::: DATA EXCERPT

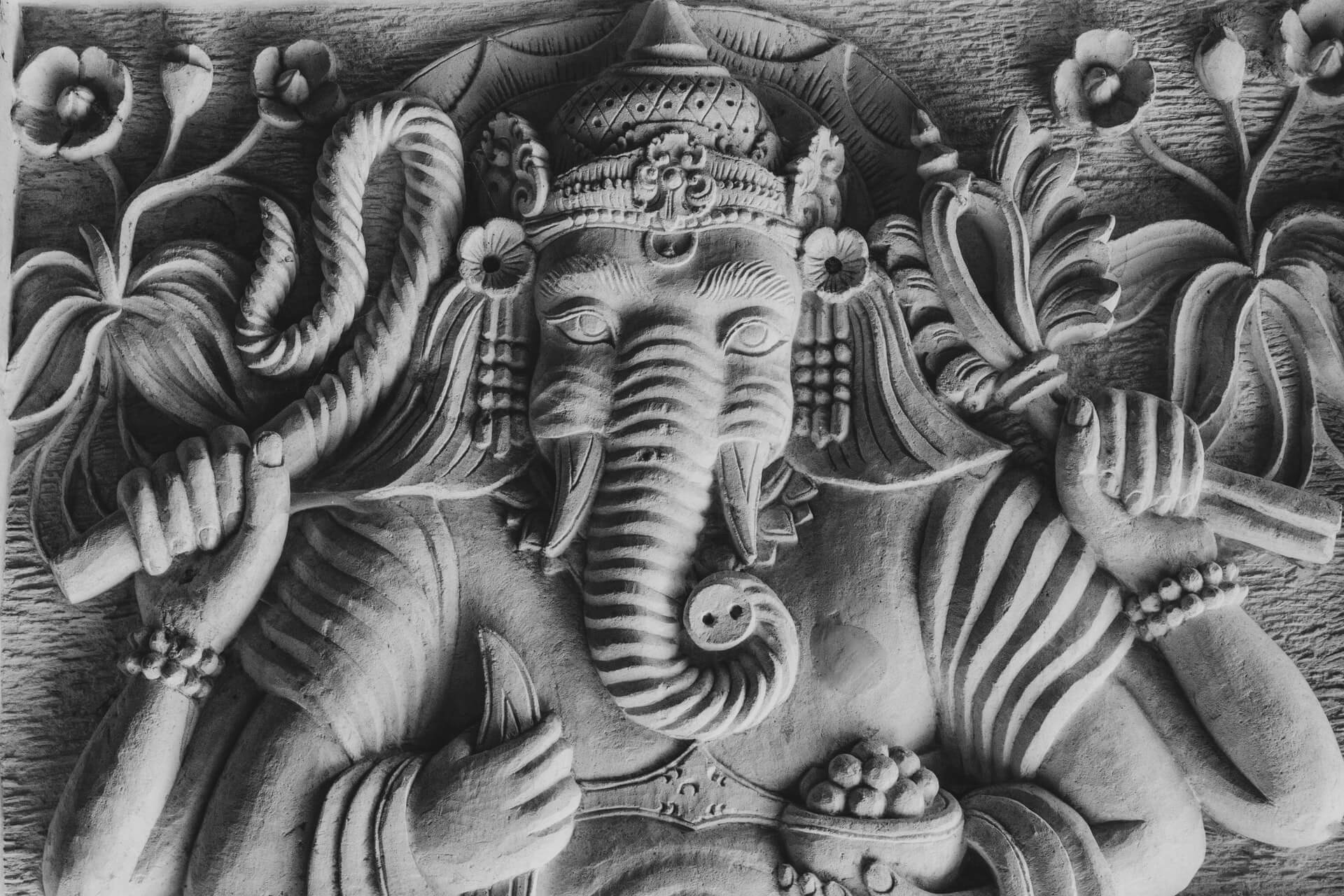 Ganesh Toran adorns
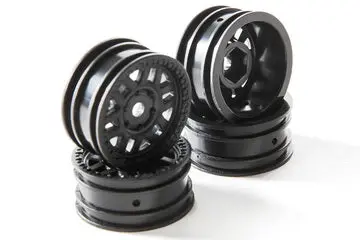 Axi31615 1.0 Kmc Machete Wheels 4Pcs 1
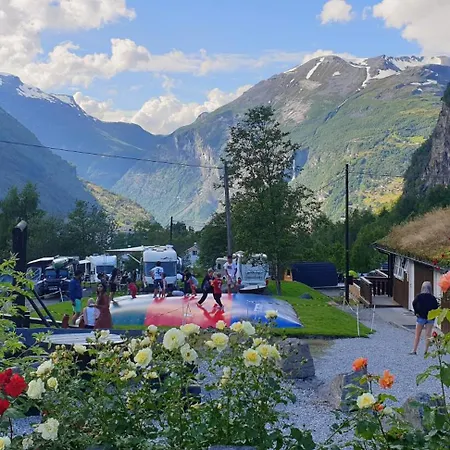 Parque de Campismo Vinje 3*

::::::

Copy out the listing exactly as it stands, but not the pictures.

ANSWER TO THIS TASK:
 Ganesh Toran adorns
 Axi31615 1.0 Kmc Machete Wheels 4Pcs 1
 Parque de Campismo Vinje 3*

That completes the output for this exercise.